Every time I stared down the sights of my BB gun at my neighbour as he descended his back stairs (unmasked and mindlessly unready for the perils of this world) I wondered why such men exist. And over time I concluded they exist because baby bears need to eat too.
To be clear, I don’t rejoice in any of this; I don’t want anyone dying of viruses or being eaten by bears; I’m just trying to rationalise why other people are apparently so desperate to die that way.
I understand that nobody likes to feel fearful of bears, or concern themselves with getting sick; but most of us, I hope, know that threats don’t diminish magically from wishful thinking.
And there’s something disingenuous about the sentiment that says, “I choose not to be afraid of this virus.” What they’re really saying here is, “I choose not to be inconvenienced — even by the recommendations of medical experts.”
Henceforth zombie movies will have to change. No more scenes in which everybody runs away from the zombies. We now know that at least 30 percent of people are going to run straight at the zombies, laughing about how zombies are fake news.
We shouldn’t have been surprised. The evidence was always there. Google “tourists get out of car to photo dangerous animals”; it’s an entire genre of photography.
Or better, watch that Werner Herzog documentary about the bloke who became so enamoured with grizzly bears he went out into the wilderness to live with them. It’s an inspiring tale of one man’s fascination with these wonderful, majestic creatures. Of course, the bears eat him, but most of us knew that was inevitable from the outset. The main issue here is that so many people don’t know that, and might even feel like I just spoiled the story. The mystery isn’t that he died horribly so much as that he died with a surprised look on his face. And if you know precisely what I’m talking about here, that just means you too wore an N95 mask during a global pandemic — because you’re nobody’s fool.
Obviously we would all like to live in a world where we could go out and befriend grizzly bears. That would be hilariously cool. And does anybody want climate change to be real? Of course not. Nobody wants deadly viruses to be real either. And most of all, nobody wants a huge chunk of the human population to pathologically unable to accept such realities. But here we are, coping with reality as best we can — which, for some of us, requires the online purchase of a BB gun.
(And by the way, if you consider yourself a Doomsday Prepper yet did not wear an N95 mask when you went out shopping this past year, I submit that you are not terribly good at being a Doomsday Prepper and perhaps it’s time to find a different hobby.)

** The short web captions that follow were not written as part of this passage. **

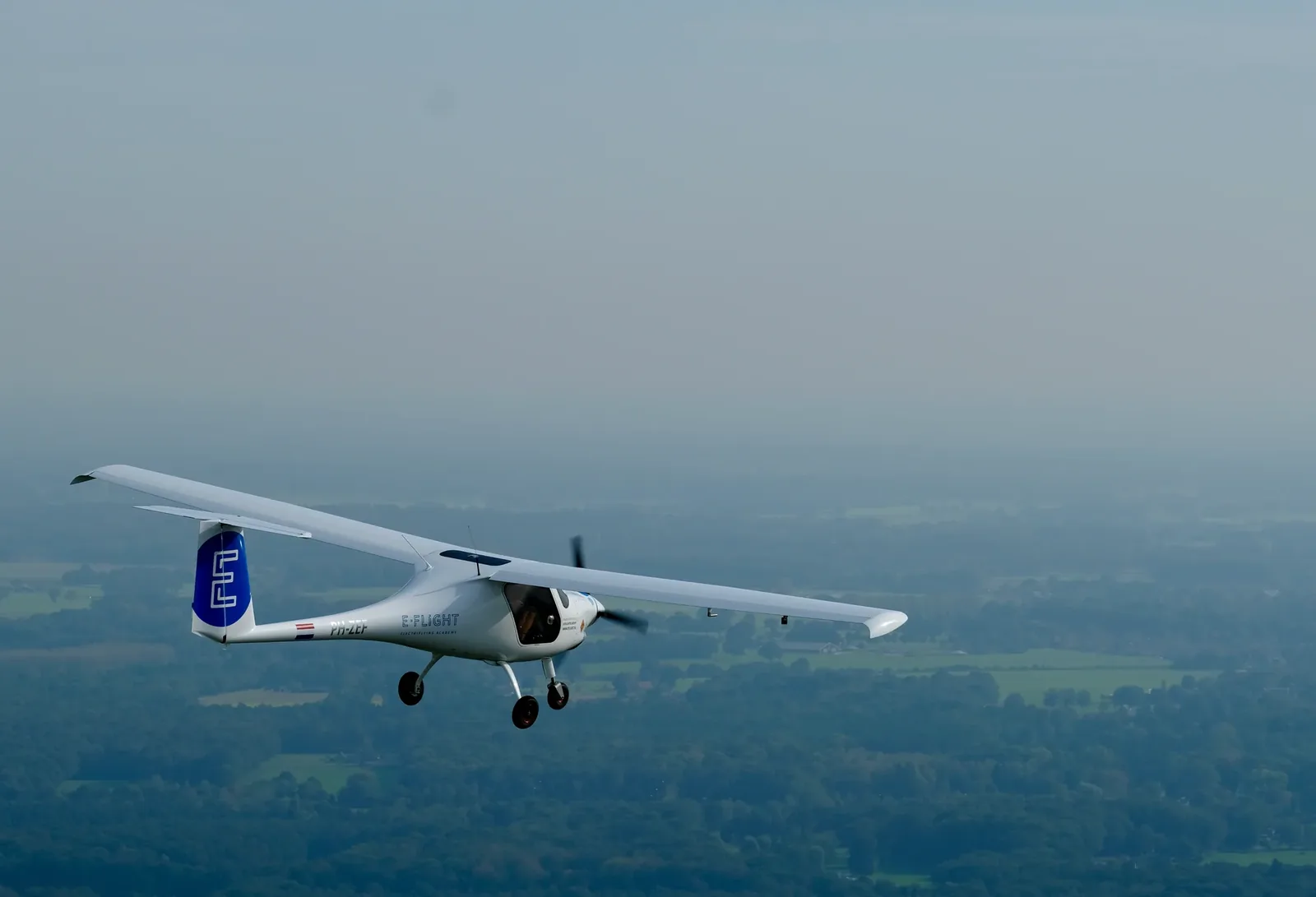 An E-Flight Academy electric training plane in flight over green fields.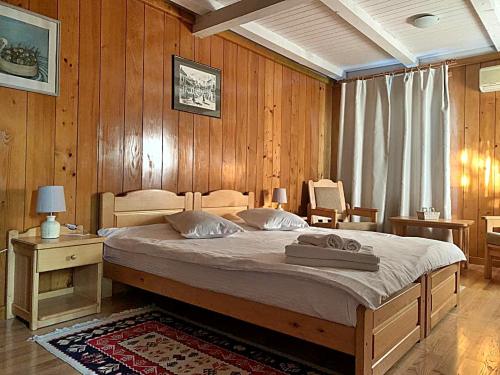 穆里吉奥尔Morena Mansion的一间卧室配有一张带木墙的大床
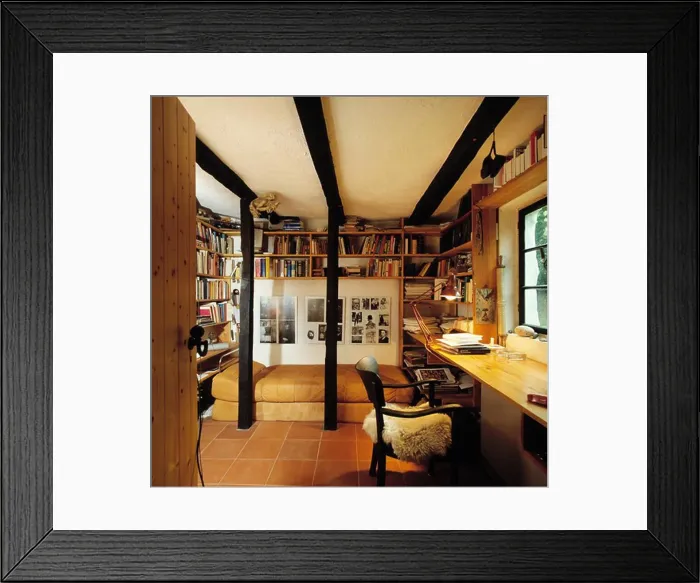 Framed Print : Chair at pine desk in study bedroom with wall shelves above bed with leather cover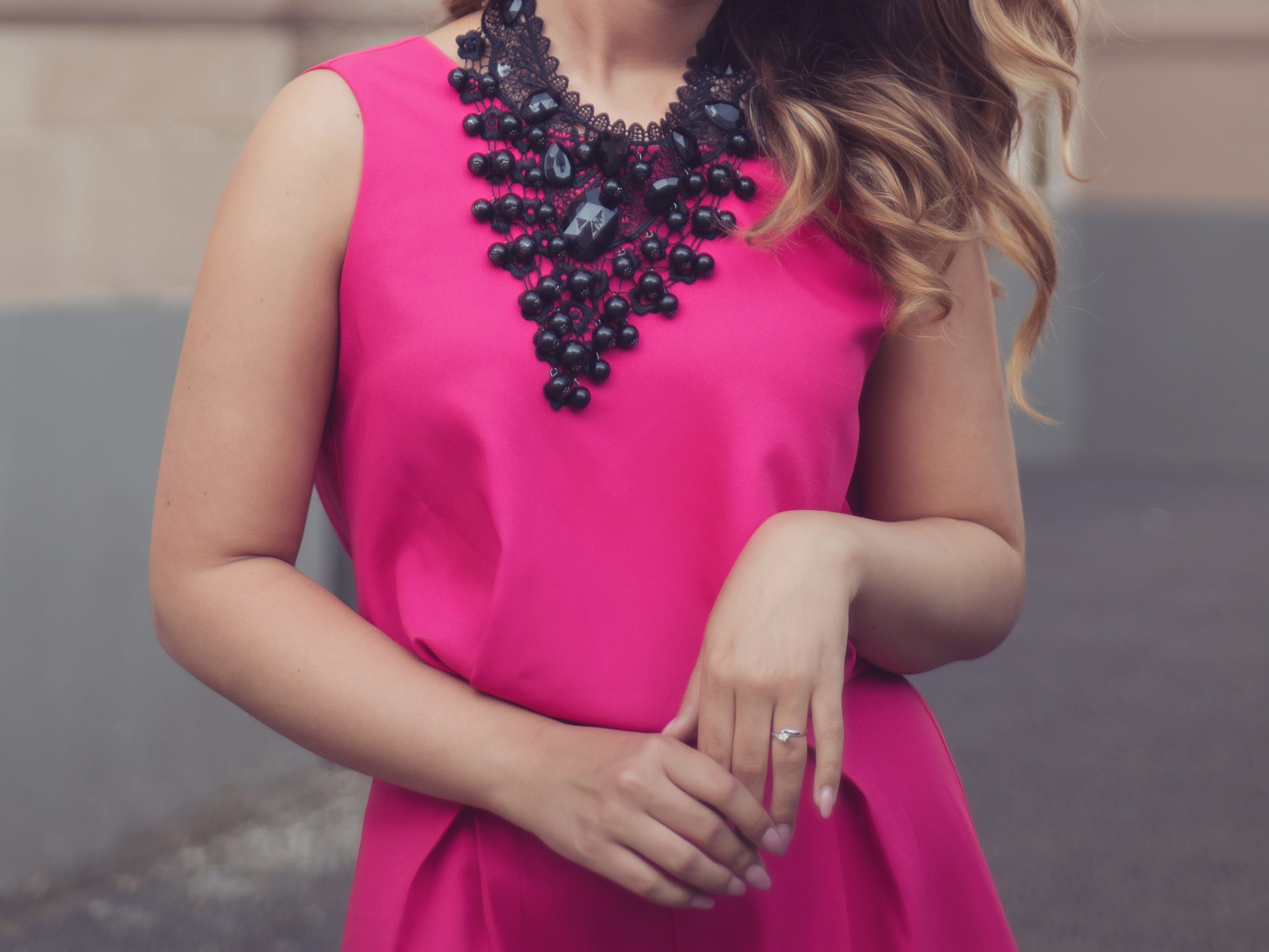 Person, die ein rosafarbenes Kleid mit einer schwarzen Statement-Halskette trägt
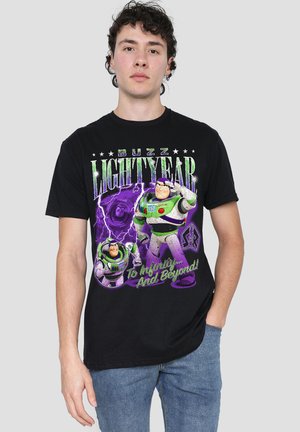Junger Mann trägt ein schwarzes Buzz Lightyear T-Shirt mit grünem und lila Text und Grafiken, kombiniert mit blauen Jeans vor einfarbigem Hintergrund.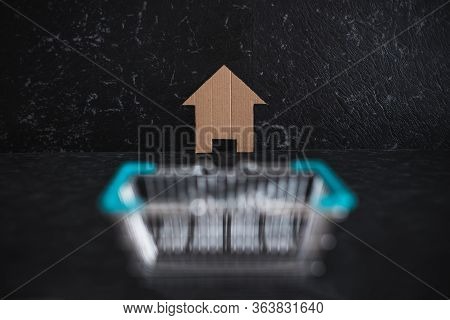 Real Estate Market And Buying A Property, House Icon Iand Shopping Basket Symbol Of Homebuyers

Still, I wish humans could be better than this. I wish we wouldn’t indulge in faith-based risk assessments, or wander around believing that The Deity In the Sky Will Save Us From Covid-19 and/or Bears. But apparently humans just need to be this way because nature, in her infinite wisdom, also feels that baby bears need to eat as well.
Anyway, that’s it from me this time. I should be less busy nowadays though, now I’ve finished moving my family to Maine. I hope this means I can write these newsletters more frequently.I’ve been so busy lately with the move, that it’s nice just to be able to sit down with you all and tell you what’s been playing on my mind (ie. bears!)
Also, I do enjoy when you folk send me email responses; I like hearing how you’re getting along.
Anyway, must be off: my children are in the woods hunting ‘mooses in the woodses’ and with my luck they’ll probably find one. Hoping you’re staying safe and well and healthy.